Napoléon et « l’arrière »
Dans L’Art de la Guerre, Machiavel nous apprend qu’il ne suffit pas de vaincre, il faut aussi exploiter sa victoire. « César ne prenait pas un instant de repos et poursuivait son ennemi avec plus de fureur et d’impétuosité qu’il ne l’avait attaqué au moment du combat. » (1)
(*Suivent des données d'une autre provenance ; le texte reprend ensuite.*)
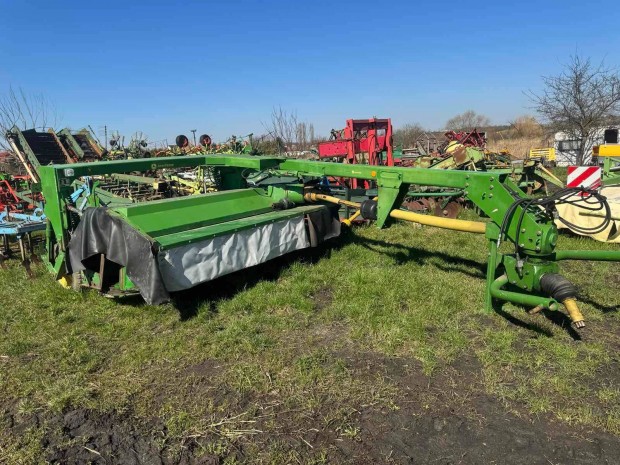 John Deere 1465 , 3 Méteres Vontatott Fűkasza Gumihengeres Szársértő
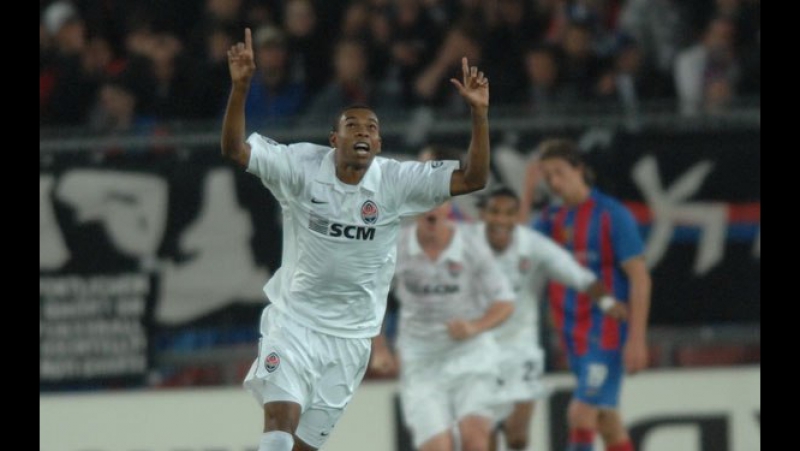 Супергол фернандиньо в матче базель шахтер (сезон 2008/09)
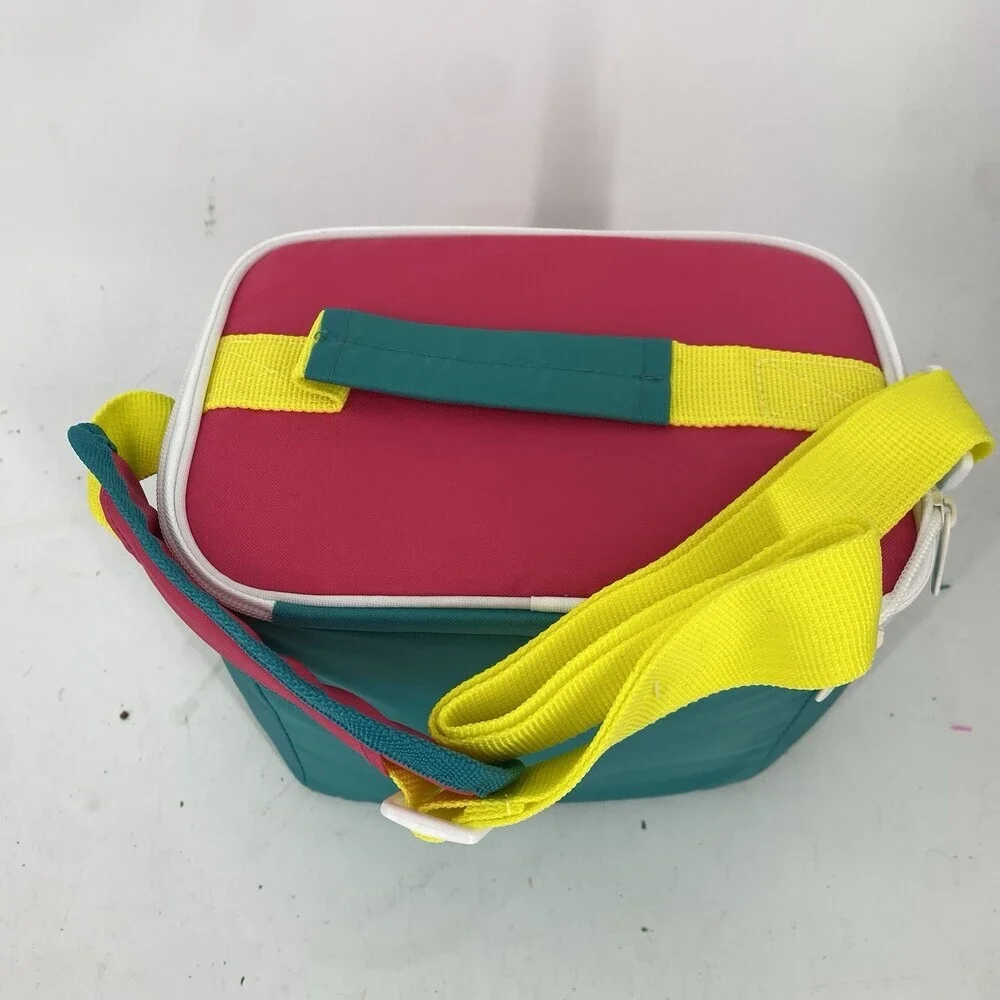 Igloo 00065479 Cooler Bag Retro Square Lunch Insulated Soft Shell Beach Cooler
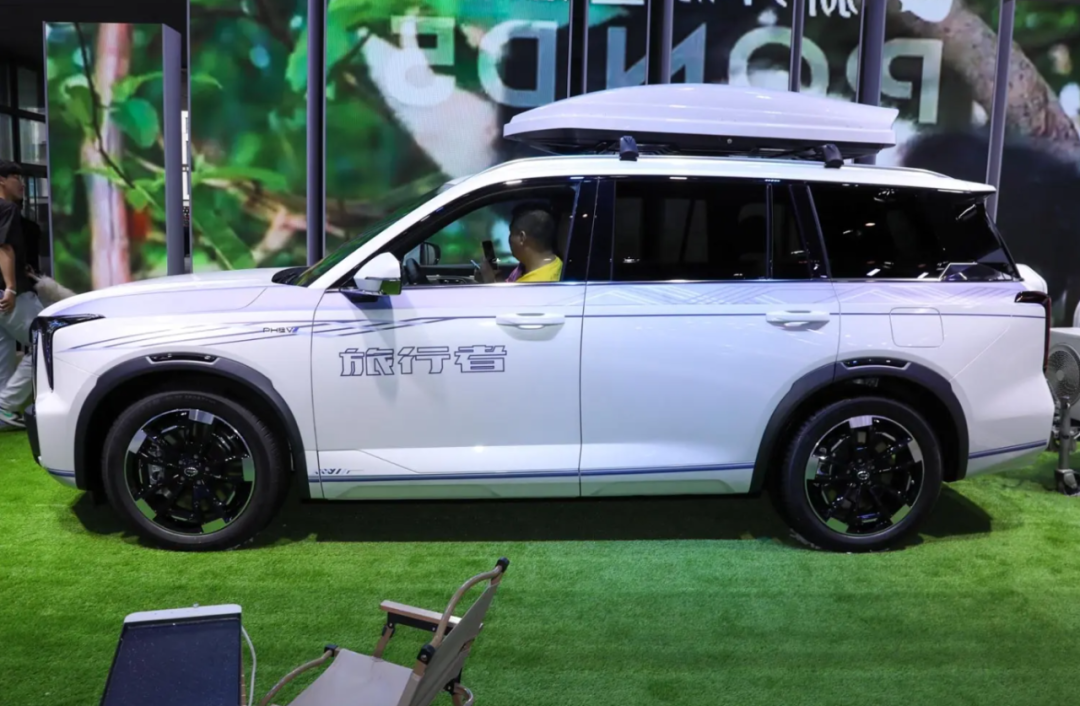 30万就能拿下的传祺ES9，会是下半年最香的插混SUV？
Que le Florentin ait figuré parmi les auteurs de prédilection de Bonaparte dans sa jeunesse ne saurait nous surprendre. Dès la Première Restauration, les pamphlets royalistes ne manquèrent pas de dresser un parallèle entre l’auteur du Prince et l’empereur déchu. Bonaparte a probablement étudié Machiavel dans la belle édition Vollard, après avoir lu en 1791 l’Histoire de Florence dans la traduction de Barrett (2) ; mais Frédéric II et Guibert furent davantage ses maîtres dans le domaine de la stratégie et de la tactique, comme l’a montré tout récemment encore Jean Mistler dans le bel ouvrage collectif Napoléon et l’Empire publié pour le deuxième centenaire de la naissance de l’Empereur. Aux grands généraux qui l’avaient précédé, Napoléon a donc beaucoup emprunté, mais comment n’aurait-il pas médité sur la remarque de Machiavel : « un lieutenant général, s’il veut acquérir grande réputation, doit inventer quelque chose de son esprit outre celles que nous avons des anciens et des autres. » Et il est permis de se demander si ce que Napoléon a apporté, n’est pas le souci de « l’arrière », l’importance attachée plus encore que chez César, à la propagande, à l’exploitation psychologique de la victoire.